TASK DIRECTIONS ▸
When the line containing "A compact kitchen" is reached, begin reproducing lines exactly and continue through the last line of the records below.

[[ RECORDS TO PROCESS open ]]

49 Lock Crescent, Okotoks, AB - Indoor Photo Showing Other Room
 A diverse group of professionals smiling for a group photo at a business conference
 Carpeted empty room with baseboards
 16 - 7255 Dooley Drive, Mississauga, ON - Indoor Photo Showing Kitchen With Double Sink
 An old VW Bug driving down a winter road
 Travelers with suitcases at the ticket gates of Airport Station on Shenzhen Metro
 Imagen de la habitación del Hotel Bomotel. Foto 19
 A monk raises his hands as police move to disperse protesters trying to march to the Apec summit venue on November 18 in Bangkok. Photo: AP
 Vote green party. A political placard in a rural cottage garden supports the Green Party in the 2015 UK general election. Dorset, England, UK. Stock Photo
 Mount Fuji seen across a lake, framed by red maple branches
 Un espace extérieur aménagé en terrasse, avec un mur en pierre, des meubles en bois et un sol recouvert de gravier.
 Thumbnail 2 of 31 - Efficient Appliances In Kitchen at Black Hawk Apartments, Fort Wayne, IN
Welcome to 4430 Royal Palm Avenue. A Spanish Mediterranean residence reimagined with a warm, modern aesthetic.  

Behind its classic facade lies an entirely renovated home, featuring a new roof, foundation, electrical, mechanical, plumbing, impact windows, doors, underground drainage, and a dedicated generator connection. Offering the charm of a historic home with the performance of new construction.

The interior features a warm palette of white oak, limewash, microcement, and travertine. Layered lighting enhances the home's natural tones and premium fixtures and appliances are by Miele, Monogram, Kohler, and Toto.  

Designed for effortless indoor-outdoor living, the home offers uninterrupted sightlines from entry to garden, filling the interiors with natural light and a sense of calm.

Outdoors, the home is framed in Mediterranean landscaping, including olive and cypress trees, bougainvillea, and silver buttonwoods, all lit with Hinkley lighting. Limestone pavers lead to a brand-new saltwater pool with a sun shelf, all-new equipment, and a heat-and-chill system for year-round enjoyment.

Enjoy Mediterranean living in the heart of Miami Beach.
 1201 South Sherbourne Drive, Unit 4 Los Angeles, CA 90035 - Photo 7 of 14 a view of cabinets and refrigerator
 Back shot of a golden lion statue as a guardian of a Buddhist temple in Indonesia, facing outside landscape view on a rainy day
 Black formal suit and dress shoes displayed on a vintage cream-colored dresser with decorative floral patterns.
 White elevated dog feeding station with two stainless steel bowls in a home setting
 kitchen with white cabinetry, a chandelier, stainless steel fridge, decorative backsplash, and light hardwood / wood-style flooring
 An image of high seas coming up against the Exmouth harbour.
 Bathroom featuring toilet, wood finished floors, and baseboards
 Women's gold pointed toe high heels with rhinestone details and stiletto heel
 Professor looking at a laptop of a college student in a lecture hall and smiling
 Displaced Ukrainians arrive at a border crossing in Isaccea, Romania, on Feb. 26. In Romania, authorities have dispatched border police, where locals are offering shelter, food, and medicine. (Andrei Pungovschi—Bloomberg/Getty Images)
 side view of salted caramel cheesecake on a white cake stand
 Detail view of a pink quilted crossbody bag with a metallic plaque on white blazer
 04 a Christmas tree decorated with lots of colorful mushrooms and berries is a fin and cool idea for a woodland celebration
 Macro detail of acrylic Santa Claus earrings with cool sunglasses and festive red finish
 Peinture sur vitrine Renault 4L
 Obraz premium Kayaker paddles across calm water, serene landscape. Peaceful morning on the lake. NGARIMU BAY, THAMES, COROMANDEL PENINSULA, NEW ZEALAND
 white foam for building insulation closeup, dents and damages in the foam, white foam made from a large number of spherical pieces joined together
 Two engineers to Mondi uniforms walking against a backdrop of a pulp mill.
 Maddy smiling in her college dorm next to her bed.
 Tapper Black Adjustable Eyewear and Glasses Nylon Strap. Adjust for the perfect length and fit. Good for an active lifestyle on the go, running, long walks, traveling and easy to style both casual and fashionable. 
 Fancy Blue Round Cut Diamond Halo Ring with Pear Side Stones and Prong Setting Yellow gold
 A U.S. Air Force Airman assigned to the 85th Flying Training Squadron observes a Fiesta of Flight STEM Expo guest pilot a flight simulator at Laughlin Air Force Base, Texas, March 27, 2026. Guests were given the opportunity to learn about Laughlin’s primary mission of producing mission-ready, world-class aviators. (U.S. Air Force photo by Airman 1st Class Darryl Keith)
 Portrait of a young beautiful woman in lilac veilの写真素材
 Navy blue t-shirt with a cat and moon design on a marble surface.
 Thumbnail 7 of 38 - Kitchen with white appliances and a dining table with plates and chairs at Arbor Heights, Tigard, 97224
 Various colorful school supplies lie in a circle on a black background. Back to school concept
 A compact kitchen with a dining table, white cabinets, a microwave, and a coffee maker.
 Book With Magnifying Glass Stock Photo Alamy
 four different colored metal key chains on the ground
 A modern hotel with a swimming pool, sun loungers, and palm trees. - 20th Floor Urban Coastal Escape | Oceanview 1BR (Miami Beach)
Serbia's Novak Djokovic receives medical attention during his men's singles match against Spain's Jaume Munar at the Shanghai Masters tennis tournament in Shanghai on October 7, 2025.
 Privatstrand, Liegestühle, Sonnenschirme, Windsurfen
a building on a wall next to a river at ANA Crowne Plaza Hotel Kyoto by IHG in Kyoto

[[ RECORDS TO PROCESS closed ]]

RESPONSE TO THE EXERCISE ▸
 A compact kitchen with a dining table, white cabinets, a microwave, and a coffee maker.
 Book With Magnifying Glass Stock Photo Alamy
 four different colored metal key chains on the ground
 A modern hotel with a swimming pool, sun loungers, and palm trees. - 20th Floor Urban Coastal Escape | Oceanview 1BR (Miami Beach)
Serbia's Novak Djokovic receives medical attention during his men's singles match against Spain's Jaume Munar at the Shanghai Masters tennis tournament in Shanghai on October 7, 2025.
 Privatstrand, Liegestühle, Sonnenschirme, Windsurfen
a building on a wall next to a river at ANA Crowne Plaza Hotel Kyoto by IHG in Kyoto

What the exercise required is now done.